= Steve Hayes (businessman) =

English businessman

Steve Hayes is an English businessman, and was the owner of Aviva Premiership rugby union side London Wasps.

== Business career ==
Originally a double glazing salesman, Hayes also worked for his father-in-law selling secondary mortgages.

In 1997 with David Cowham he founded loans.co.uk, a Watford headquartered finance broker. Hayes became Chief Executive, expanding the firm to become the UK's then leading finance broker, on an earnings package of £5.5million in 2004/2005. In June 2005, Cowham and Hayes sold loans.co.uk to MBNA for an undisclosed amount, reported to be worth £50million to each partner.

==Club ownership==
===Wycombe Wanderers===
Hayes became a 25% shareholder in Wycombe Wanderers through an initial £250,000 investment in June 2004, when the football club became a plc. He later became managing director.
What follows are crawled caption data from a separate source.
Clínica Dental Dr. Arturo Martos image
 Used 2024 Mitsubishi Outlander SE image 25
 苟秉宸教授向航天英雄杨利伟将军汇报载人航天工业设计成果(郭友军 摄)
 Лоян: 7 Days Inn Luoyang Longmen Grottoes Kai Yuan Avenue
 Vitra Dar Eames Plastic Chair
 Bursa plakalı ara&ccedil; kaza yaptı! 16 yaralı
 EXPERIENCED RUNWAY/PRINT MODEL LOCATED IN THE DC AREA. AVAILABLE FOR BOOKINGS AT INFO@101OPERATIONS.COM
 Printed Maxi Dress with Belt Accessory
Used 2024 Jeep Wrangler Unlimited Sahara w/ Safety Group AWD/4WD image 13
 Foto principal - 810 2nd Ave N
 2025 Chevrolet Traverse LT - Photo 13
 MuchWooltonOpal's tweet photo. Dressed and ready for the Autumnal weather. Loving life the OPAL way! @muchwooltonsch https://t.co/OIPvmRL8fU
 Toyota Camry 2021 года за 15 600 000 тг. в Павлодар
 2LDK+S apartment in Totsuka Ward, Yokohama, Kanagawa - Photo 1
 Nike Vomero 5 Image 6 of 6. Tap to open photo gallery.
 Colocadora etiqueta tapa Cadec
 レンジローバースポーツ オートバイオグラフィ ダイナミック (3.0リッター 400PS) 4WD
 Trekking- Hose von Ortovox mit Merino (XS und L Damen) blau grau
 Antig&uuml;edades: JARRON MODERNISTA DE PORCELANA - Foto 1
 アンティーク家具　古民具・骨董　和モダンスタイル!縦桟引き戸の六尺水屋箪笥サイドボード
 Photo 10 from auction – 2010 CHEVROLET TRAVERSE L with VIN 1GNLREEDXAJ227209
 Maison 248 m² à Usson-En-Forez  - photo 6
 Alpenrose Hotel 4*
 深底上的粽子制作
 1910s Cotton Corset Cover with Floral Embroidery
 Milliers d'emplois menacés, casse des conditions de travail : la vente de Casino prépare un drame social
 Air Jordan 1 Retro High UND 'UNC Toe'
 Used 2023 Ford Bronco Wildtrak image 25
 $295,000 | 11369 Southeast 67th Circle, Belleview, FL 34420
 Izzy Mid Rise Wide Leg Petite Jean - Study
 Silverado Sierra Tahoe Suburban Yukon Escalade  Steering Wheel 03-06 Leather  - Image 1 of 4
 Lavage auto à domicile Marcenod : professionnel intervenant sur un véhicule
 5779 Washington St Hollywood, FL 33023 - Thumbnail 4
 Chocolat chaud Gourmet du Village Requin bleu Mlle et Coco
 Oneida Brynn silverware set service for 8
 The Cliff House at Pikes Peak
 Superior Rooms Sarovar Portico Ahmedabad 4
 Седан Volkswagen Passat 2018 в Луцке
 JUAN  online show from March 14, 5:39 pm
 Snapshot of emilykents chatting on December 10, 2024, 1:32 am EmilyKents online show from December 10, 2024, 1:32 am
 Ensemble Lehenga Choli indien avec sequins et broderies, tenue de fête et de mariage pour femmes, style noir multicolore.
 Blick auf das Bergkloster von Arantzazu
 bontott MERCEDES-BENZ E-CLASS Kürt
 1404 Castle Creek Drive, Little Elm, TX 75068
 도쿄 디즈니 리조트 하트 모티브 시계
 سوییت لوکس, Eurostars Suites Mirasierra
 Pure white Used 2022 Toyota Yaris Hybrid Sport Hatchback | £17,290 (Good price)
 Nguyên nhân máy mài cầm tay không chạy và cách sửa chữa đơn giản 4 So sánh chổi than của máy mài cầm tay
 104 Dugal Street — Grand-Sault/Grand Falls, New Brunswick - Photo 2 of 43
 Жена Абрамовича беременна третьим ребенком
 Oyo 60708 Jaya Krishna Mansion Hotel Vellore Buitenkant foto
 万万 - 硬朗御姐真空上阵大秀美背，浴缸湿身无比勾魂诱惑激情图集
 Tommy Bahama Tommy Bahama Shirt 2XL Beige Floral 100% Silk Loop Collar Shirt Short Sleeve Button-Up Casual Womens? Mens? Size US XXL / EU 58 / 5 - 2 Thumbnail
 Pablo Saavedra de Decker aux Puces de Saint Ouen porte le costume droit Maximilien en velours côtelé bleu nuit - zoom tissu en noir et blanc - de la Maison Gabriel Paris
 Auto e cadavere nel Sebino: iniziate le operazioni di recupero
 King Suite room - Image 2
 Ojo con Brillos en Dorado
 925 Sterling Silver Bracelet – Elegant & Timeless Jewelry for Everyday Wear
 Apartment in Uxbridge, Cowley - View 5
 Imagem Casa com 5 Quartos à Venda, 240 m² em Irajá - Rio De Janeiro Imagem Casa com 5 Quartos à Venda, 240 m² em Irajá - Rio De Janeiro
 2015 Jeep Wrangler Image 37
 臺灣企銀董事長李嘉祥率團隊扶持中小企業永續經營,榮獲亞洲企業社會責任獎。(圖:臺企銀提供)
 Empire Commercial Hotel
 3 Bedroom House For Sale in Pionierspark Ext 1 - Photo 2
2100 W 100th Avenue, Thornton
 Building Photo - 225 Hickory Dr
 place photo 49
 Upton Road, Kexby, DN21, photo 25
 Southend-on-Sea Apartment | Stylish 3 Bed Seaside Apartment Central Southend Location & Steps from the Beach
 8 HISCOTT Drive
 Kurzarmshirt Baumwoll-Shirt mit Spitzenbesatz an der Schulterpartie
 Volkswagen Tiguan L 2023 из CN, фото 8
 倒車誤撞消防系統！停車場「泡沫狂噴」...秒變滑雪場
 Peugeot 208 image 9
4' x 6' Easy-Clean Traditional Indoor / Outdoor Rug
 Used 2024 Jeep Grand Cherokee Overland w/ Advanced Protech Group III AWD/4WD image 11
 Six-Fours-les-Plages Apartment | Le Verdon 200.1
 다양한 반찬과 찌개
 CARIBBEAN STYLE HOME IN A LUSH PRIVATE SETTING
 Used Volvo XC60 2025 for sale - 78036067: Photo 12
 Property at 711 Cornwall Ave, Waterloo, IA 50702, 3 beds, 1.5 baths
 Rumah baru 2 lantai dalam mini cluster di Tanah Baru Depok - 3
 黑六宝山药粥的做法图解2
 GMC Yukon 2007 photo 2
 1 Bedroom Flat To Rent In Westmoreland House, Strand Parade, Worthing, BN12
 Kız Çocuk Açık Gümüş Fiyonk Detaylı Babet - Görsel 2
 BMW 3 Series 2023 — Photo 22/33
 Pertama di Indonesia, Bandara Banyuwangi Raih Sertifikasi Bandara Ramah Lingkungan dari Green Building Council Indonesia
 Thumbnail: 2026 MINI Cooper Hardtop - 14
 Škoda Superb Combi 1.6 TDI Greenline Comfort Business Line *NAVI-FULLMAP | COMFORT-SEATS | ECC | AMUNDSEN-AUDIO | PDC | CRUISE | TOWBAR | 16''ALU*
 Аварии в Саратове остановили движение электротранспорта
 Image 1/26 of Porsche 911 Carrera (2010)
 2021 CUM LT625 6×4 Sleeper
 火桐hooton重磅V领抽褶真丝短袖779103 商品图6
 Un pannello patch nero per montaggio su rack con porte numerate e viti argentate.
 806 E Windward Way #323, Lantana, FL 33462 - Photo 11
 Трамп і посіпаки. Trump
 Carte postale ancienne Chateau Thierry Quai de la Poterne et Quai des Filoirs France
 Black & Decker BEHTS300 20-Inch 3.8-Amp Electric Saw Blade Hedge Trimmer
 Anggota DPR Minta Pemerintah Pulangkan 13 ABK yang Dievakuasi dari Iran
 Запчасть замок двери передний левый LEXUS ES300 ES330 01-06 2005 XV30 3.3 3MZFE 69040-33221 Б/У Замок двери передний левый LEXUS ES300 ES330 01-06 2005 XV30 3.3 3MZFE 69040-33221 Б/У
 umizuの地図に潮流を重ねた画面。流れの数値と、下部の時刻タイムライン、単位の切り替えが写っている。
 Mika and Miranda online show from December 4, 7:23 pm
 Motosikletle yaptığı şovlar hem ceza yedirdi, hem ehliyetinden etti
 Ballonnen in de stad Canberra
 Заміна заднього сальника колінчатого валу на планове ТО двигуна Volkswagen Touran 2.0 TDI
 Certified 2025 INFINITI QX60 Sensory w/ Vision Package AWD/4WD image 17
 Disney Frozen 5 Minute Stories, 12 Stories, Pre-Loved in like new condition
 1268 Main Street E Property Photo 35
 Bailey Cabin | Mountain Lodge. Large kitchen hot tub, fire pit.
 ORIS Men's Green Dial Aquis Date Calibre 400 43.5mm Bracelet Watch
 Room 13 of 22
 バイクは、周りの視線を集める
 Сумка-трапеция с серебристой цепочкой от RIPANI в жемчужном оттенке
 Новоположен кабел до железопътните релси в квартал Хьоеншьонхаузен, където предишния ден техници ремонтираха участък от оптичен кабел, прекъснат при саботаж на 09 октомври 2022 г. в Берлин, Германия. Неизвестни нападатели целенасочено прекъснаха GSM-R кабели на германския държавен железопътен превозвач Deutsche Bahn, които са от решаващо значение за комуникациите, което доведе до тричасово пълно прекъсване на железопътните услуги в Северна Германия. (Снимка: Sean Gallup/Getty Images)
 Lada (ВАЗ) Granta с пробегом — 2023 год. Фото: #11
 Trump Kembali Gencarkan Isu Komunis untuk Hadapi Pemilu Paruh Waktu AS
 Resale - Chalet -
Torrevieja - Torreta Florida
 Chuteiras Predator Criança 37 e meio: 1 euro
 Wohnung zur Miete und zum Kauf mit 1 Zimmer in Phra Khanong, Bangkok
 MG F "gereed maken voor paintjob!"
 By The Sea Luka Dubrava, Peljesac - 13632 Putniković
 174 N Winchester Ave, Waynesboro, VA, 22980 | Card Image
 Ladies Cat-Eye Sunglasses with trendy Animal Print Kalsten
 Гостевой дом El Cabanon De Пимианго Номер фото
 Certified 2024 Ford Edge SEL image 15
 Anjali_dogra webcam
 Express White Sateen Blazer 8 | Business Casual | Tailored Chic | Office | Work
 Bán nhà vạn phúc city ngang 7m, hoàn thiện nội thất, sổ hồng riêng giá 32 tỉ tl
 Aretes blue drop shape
In July 2009, following a shareholders' meeting, he took full ownership of Wycombe Wanderers, in the process writing off £3m of the club's debt to him in exchange for shares. In June 2012 the Wycombe Wanderers Trust bought the club from Steve Hayes.

===London Wasps===
Hayes bought an 11.6% stake in London Wasps Holdings Ltd in August 2007, and became chairman of Lawrence Dallaglio's benefit committee. In December 2008, Hayes bought Chrysalis Records founder Chris Wright's controlling interest and John O'Connell's shareholding in London Wasps to take complete control.

In June 2012, a consortium led by former London Wasps player Ken Moss purchased the rugby club from Hayes.